Warum aber erlebt man erstaunlich häufig dennoch vergleichsweise schnelle Entwicklungen und Veränderungen, warum sind beispielsweise im Rahmen von Organisationsentwicklung doch in erstaunlich kurzen Zeiträumen Verhaltensänderungen (leider manchmal allerdings nicht im Sinne des Entwicklers) zu beobachten?
„Die Umgebung, in der der Mensch sich den größten Teil des Tages aufhält, bestimmt seinen Charakter.“
– Antiphon von Rhamnus, Fragmente
Was auf den ersten Blick wie eine Änderung des Mindsets aussieht, ist möglicherweise oftmals doch nur eine einfache Verschiebung: Die Menschen zeigen in verändertem Umfeld womöglich einfach nur andere Seiten ihres ansonsten recht festen Charakters. Ich bin der festen Überzeugung: Fast alle Menschen wären zumindest willens und konstruktiv wenn nicht gar auch handlungskompetent, böte sich ihnen ein (jeweils) geeignetes Umfeld. Was ich also von Menschen erwarten kann und sollte, ist m. E. weniger die Anpassung des Mindsets an veränderte Anforderungen als vielmehr das Darauf-Einlassen und das möglichst bereitwillige Suchen nach der jeweils geeignetsten Seite des Selbst. Dass sich Menschen dann darauf aufbauend (oder auch unabhängig davon) tatsächlich langsam anpassen (lies: verändern), ist sicherlich durchaus der Fall – darauf bauen sollte man aber zumindest am Anfang des Prozesses wohl besser nicht.

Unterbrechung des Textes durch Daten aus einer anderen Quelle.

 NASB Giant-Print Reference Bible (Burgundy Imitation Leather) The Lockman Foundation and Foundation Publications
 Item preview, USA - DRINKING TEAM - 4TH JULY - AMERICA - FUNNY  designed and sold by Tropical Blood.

Das Umfeld erscheint mir also viel wichtiger als das Mindset, das sich eben auch nicht trivial in seinen (eben nicht „-set-“)Bestandteilen ändern lässt. Umso fataler erscheint mir die häufig von mir wahrgenommene Überbetonung des Mindset-Aspekts und die ebenso häufige Ablehnung von Führung in Teilen der agilen Community5: Ist in Wirklichkeit das Umfeld entscheidend, ist dessen Gestaltung die wichtigste Aufgabe – und das ist m. E. einer der ganz wesentlichen Inhalte von Führung. Das wichtigste Mindset ist also vermutlich eher das der Führungskraft als das der Mitarbeiter. Kurz: Haltung und Menschenbild sind entscheidend – übrigens im Zusammenhang mit Agilität kürzlich sehr schön dargestellt von Marcus Raitner6.

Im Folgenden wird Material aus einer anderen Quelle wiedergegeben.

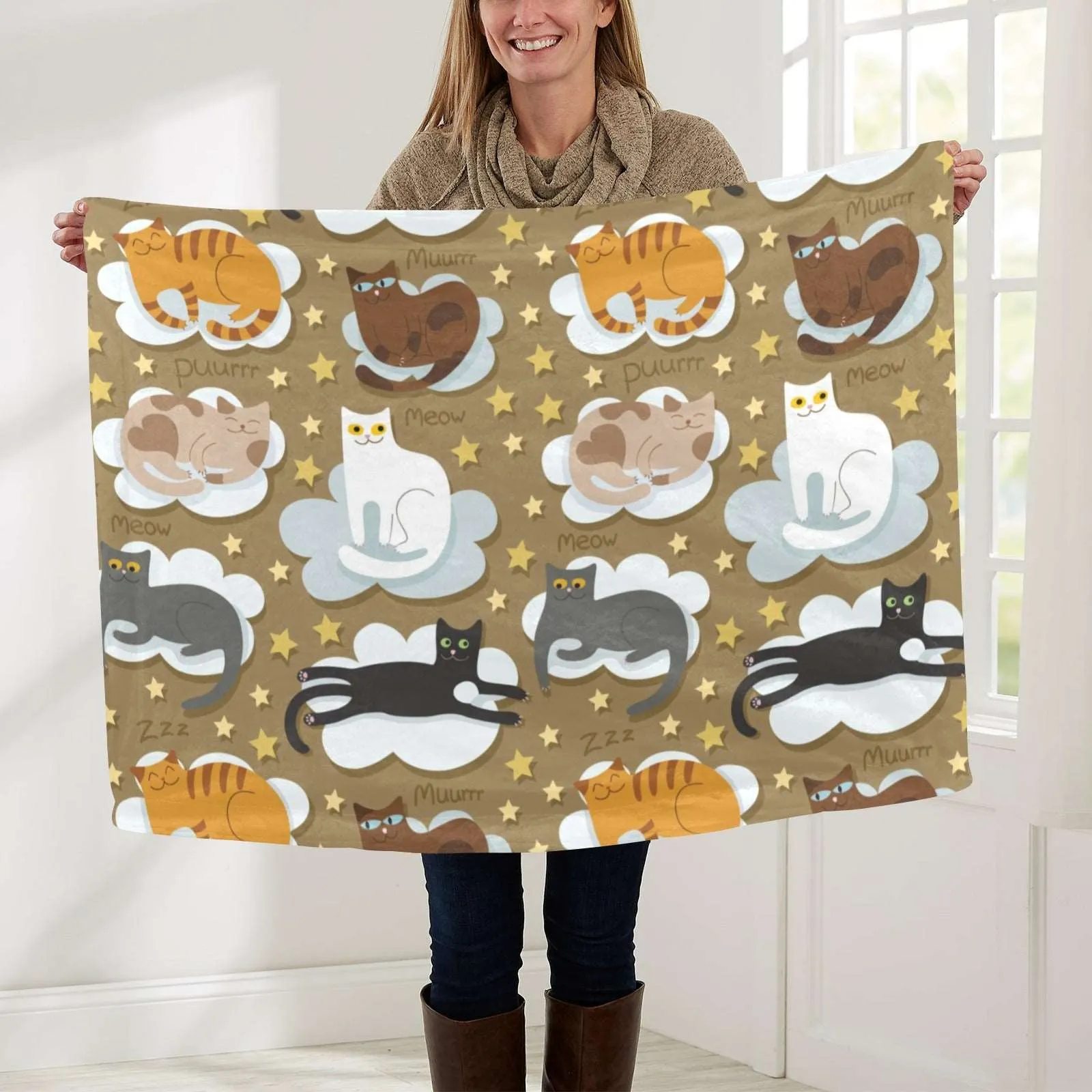 Cloudy Cats Baby Blanket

Anzunehmen, man bräuchte nur die „richtigen“ Menschen mit dem „richtigen“ Mindset (und keine anderen, keine mit dem „falschem“ Mindset), erscheint mir wenig realistisch, kaum operationalisierbar (und wenig wertschätzend). Das gegebene Mindset eines Menschen für per se ungeeignet zu halten, ist eine geradezu paradoxe Haltung, zeugt sie doch eher von einem „fixed mindset“ (i. S. von Carol Dweck) als von einem „growth mindset“.

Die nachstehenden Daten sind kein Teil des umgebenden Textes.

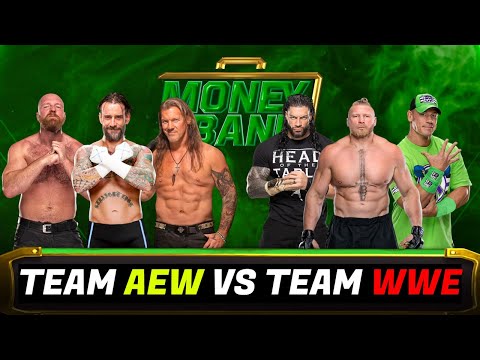 Team AEW Vs Roman Reigns Brock Lesnar & John Cena WWE 2K22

Es scheint mir also weniger darum zu gehen, Menschen „abzuholen, wo sie stehen“ und dann zu ändern, sondern vielmehr darum, sie „so zu nehmen, wie sie sind“ und dann ein Umfeld zu gestalten, in dem sich jeder Einzelne jeweils maximal entfalten kann – und genau das auch einzufordern. Das wiederum ist m. E. eine klassische Führungsaufgabe – egal, ob das Umfeld agil ist oder nicht! Das Mindset aber gar alleinig in den Vordergrund zu stellen, heißt keineswegs, den Menschen in den Vordergrund zu stellen – im Gegenteil: Die Überbetonung dieses Aspekts verlagert die Verantwortung in geradezu unfairer Weise auf den Einzelnen.
Footnotes:
- ↑ Vgl. bspw. <https://en.wikipedia.org/wiki/Mindset#Fixed_and_Growth_Mindset> (03.05.2019).
- ↑ Ja, ich weiß: Korrelation ist keine Kausalität. Google Trends soll hier eher so etwas wie Zeitgeist illustrieren.
- ↑ Vgl. bspw. https://www.dict.cc/?s=mindset (03.05.2019), https://dict.leo.org/englisch-deutsch/mindset (03.05.2019) und https://de.pons.com/übersetzung/englisch-deutsch/mindset(03.05.2019).
- ↑ Also eher als Substantivierung des Verbes „to set“.
- ↑ Zu erleben bspw. In Diskussionen im Rahmen diverser einschlägiger Agile (Bar‑)Camps.